Obwohl das Amtsgericht Hagen die Formulierungen des Wutrichterrubrums als "in gewissem Sinne unsachlich", "überflüssig" und "missverständlich" bezeichnete, war der Drang zum vermeintlichen Kollegenschutz größer, mündete in der Ablehnung des ersten Befangenheitsantrags und führte schließlich nach öffentlicher Kritik, der erwähnten Strafanzeige und einem erneuten Befangenheitsantrag in der per Beschluss zugestandenen Selbstablehung des Wutrichters - natürlich "jenseits der Frage, ob seine prozessuale Vorgehensweise in der Vergangenheit immer überzeugend war". Das hätte man dem armen Wutrichter durch eine Bejahung des ersten Befangenheitsantrags mit guten Gründen ersparen können.

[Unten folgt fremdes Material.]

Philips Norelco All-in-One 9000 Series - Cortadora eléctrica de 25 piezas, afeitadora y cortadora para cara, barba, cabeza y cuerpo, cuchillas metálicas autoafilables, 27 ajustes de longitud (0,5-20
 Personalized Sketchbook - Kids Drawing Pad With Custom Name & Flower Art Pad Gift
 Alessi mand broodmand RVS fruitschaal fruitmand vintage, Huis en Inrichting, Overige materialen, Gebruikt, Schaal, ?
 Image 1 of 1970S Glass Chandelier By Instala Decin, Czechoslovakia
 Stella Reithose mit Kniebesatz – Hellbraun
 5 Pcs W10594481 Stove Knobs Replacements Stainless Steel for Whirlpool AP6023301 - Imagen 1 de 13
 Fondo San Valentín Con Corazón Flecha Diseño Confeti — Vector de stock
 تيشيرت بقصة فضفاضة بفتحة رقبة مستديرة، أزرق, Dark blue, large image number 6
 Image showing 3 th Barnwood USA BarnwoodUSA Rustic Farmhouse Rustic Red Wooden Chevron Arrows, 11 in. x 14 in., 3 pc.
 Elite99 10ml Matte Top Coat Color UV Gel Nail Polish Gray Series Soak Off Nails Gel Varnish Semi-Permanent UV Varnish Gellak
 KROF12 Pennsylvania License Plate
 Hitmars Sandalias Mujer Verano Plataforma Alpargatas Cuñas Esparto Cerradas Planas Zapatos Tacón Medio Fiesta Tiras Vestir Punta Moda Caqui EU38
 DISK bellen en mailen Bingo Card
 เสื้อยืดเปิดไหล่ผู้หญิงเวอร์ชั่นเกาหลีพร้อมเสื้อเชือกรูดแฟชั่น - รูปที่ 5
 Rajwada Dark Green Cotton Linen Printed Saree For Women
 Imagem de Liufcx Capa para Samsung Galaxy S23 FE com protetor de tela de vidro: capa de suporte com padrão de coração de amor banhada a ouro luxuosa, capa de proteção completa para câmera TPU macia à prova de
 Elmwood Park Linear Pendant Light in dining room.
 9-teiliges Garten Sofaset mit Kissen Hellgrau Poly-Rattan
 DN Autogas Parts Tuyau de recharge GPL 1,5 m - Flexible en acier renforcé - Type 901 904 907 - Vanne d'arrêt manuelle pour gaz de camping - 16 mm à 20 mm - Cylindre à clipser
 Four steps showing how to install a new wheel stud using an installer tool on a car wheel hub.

So musste sich der verbohrte Amtsrichter die öffentliche Schelte gefallen lassen und den Artikel "Wutrichter sieht Bremslichter" als elektronisches Mahnmal für seine amtsrichterlichen Verirrungen akzeptieren. Mit der Einschätzung des Amtsgerichts Hagen, dass es sich bei den in dem Artikel "Wutrichter sieht Bremslichter" verwendeten Ausdrücken "ersichtlich um ehrenrührige Bezeichnungen" handele und es unüblich sei, "dass ein Verfahrensbeteiligter seine Unzufriedenheit mit der Vorgehensweise eines Richters öffentlich in dieser Form austrägt", kann ich leben. Denn dass ein parteiisch agierender Richter nach öffentlicher Kritik durch meinen Blog letztlich freiwillig aus dem Verfahren ausscheidet, sehe ich als Erfolg des Öffentlichkeitsgrundsatzes im deutschen Prozessrecht an, der seine Wurzeln in der Kontrolle der gerichtlichen Tätigkeit durch die Öffentlichkeit und dem daraus folgenden Schutz vor Willkür hat.